The project at Naddle farm and the surrounding farmland has created rural jobs. Photograph: Christopher Thomond/The Guardian

But it isn’t an option for everyone. Richard Carruthers farms 150 hectares (371 acres) of tenanted land close to Haweswater, where he practises regenerative grazing and has eliminated the use of artificial fertiliser. He suspects the current regime of environmentally focused public payments may be an effective way of making large landholdings economically viable – the Haweswater project covers a core area of more than 2,000 hectares (4,942 acres). “But,” he says, “it doesn’t really transfer to smaller family farms of maybe one or two hundred acres down the valley.” If it did, Carruthers adds, “people would be doing it.”

The UK government’s recent update to its post-Brexit environmental land management schemes (Elms) for farmers do not appear to have improved matters. Speaking to BBC Radio 4 this week, the local farmer and author James Rebanks described it as, “The greatest catastrophe for farming and nature in my lifetime.” According to the latest Defra projections, income for upland farms will drop by an average of 63% in 2022-23, to £16,000.

Despite the broad consensus that adding more animals, and the rising input costs that follow, does not pay back in the uplands, Rebanks suspects many farmers will resolve to increase stocking rates. “It’s the exact opposite of what we’re supposed to be doing,” he said.

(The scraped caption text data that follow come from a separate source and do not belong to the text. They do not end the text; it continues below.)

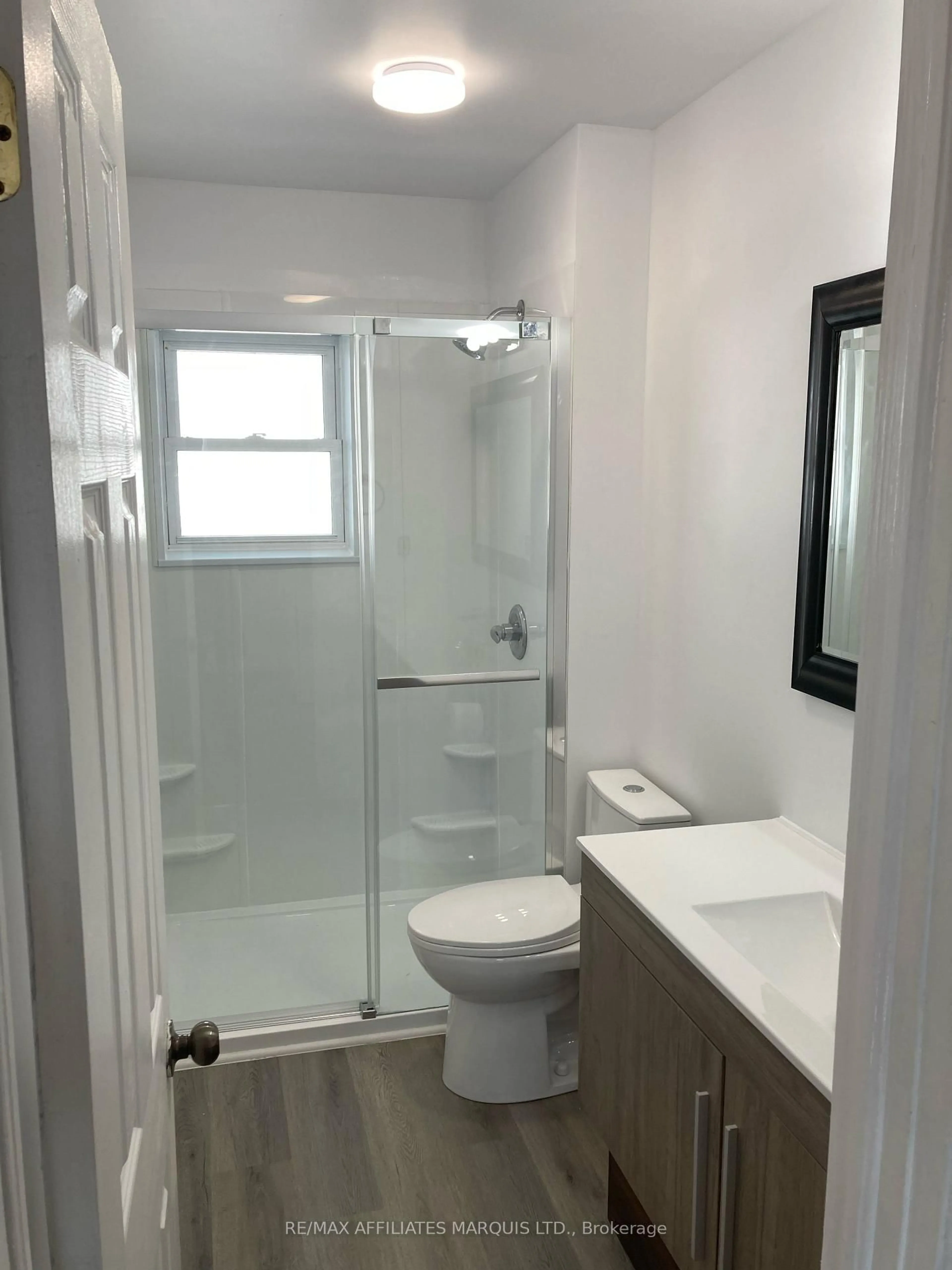 Standard bathroom, unknown for 302 Easton Ave, Cornwall Ontario K6H 1W9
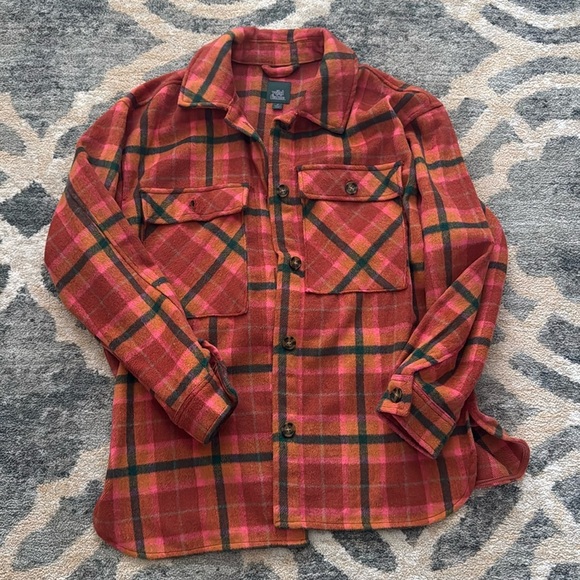 Women’s Shacket - Picture 1 of 3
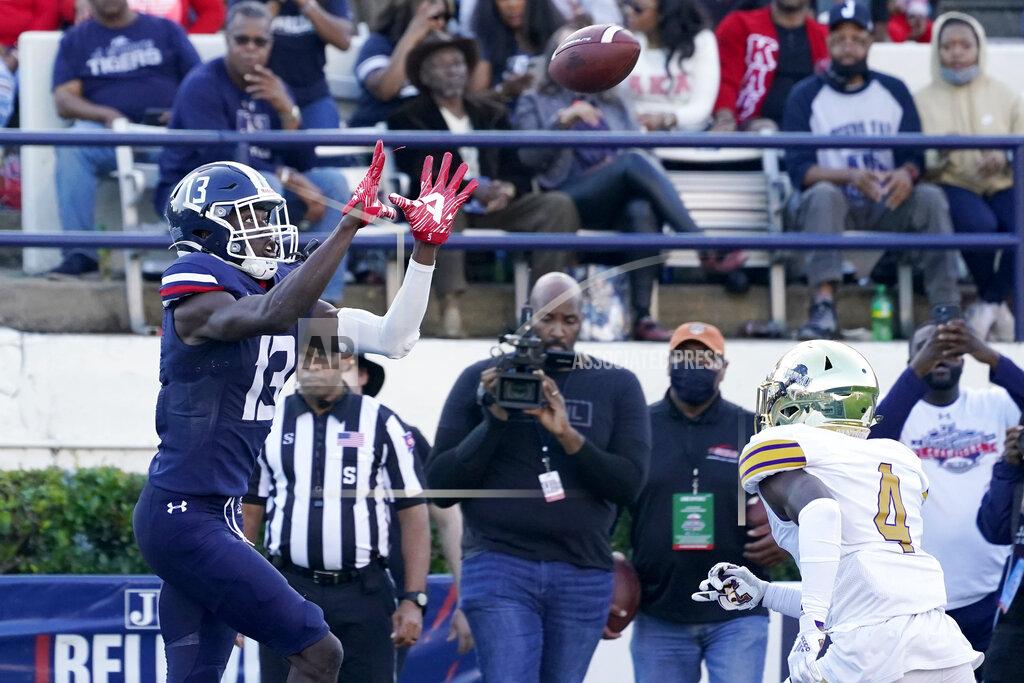 Rogelio V. Solis Jackson State wide receiver Malachi Wideman (13) reaches for a 16-yard touchdown pass reception past Prairie View cornerback Jamias Presley (4) during the first half of the Southwestern Athletic Conference championship NCAA college football game, Saturday, Dec. 4, 2021, in Jackson, Miss. (AP Photo/Rogelio V. Solis)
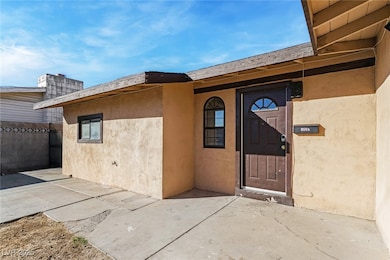 4504 Nolan Ln, Las Vegas, NV 89107 - photo 4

According to Will Rawling, chairman of the Herdwick Sheep Breeders’ Association, “We [sheep farmers] would very much like to be part of the solution to climate change. And we can be.”

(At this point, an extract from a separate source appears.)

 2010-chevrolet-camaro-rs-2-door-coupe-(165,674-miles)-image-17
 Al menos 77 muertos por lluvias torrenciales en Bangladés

But he’s adamant that the voices of his fellow hill farmers must be heard: “Whilst we are being tolerated, rather than celebrated by NGOs and conservation organisations, the chance of genuine collaboration is remote.”

The plan is to create a thriving biodiverse habitat to attract birds.
The plan is to create a thriving biodiverse habitat to attract birds. Photograph: Christopher Thomond/The Guardian

In his book Wild Fell, Schofield recounts his ongoing, sometimes uncomfortable, efforts to bridge the perceived divide between the upland farming and conservation communities. There are no one-size-fits-all solutions, he concludes: “We don’t want homogeneity of anything. If we had homogeneous rewilding we’d be missing out on a whole range of different habitat conditions. So having a mix of sustainable, nature-friendly farming, rewilding and, in the places that can sustain it, having more productive farms. That’s what we need to look at.”

Yet, as the RSPB’s warden Webb points out, “golden eagles need big landscapes, full of wild food.” So if anyone wants to see them once again turning in Lake District skies, he implies, large expanses of thriving, biodiverse habitat must be part of the mix.

And as the Haweswater venture is demonstrating, that need not mean land that is “abandoned” or “de-peopled”. It can mean land that is managed sensitively, by people, for the benefit of people and of the ecosystems that ultimately sustain us all.